A unified picture of weak chemical bonds: hydrogen, halogen, carbon...

Previously I posted about improper hydrogen bonds. These are weak hydrogen bonds that have the unusual property that in the X-H...Y system H-bonding leads to a shortening and hardening (blue shift) of the X-H bond. In contrast, for "proper" bonds, X-H lengthens and softens (red shift).

The past few years has seen a rapid increase in interest in an even broader class of weak bonds such as "halogen bonds",  denoted X-Z...Y where Z can now be not just H but a halogen (F, Cl, Br), chalcogen (O, S, Se, Te), or pnictogen (N, P, As, ..)....

There is an interesting paper that contains the helpful summary figure below
Negative hyperconjugation and red-, blue or zero-shift in X-Z---Y complexes
Jyothish Joy, Eluvathingal D. Jemmis and Kaipanchery Vidya

In trying to understand the paper I found reading the following older paper helpful
Electronic Basis of Improper Hydrogen Bonding:  A Subtle Balance of Hyperconjugation and Rehybridization
Igor V. Alabugin, Mariappan Manoharan, Scott Peabody, and Frank Weinhold

[Aside: note the senior author is Weinhold who has featured in some previous posts]
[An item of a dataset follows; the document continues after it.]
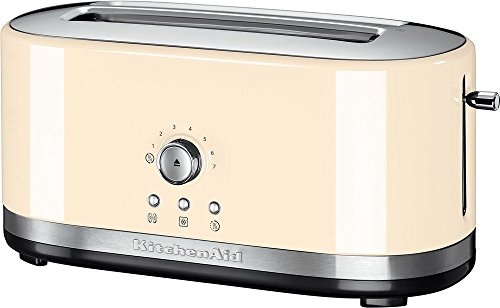 KitchenAid 5KMT4116 2rebanada(s) 1800W Crema de color - Tostador (2 rebanada(s), Crema de color, Metal, 1800 W, 420 mm, 196 mm)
The basic idea is that there are two competing interactions. "Hyperconjugation" is Weinhold's view of proper H-bonds, via the Natural Bond Orbital donor-acceptor picture where the H-bond arises due to charge transfer from the lone pair orbital on Y to the σ* (anti-bonding) orbital associated with X-H. This lengthens and hardens X-H.
When this interaction is weak there is “X-H bond shortening” due to increase in the s-character (rehybridisation of the atomic orbital on X) and polarization of the X−H bond. This is associated with a shorter and harder X-H bond.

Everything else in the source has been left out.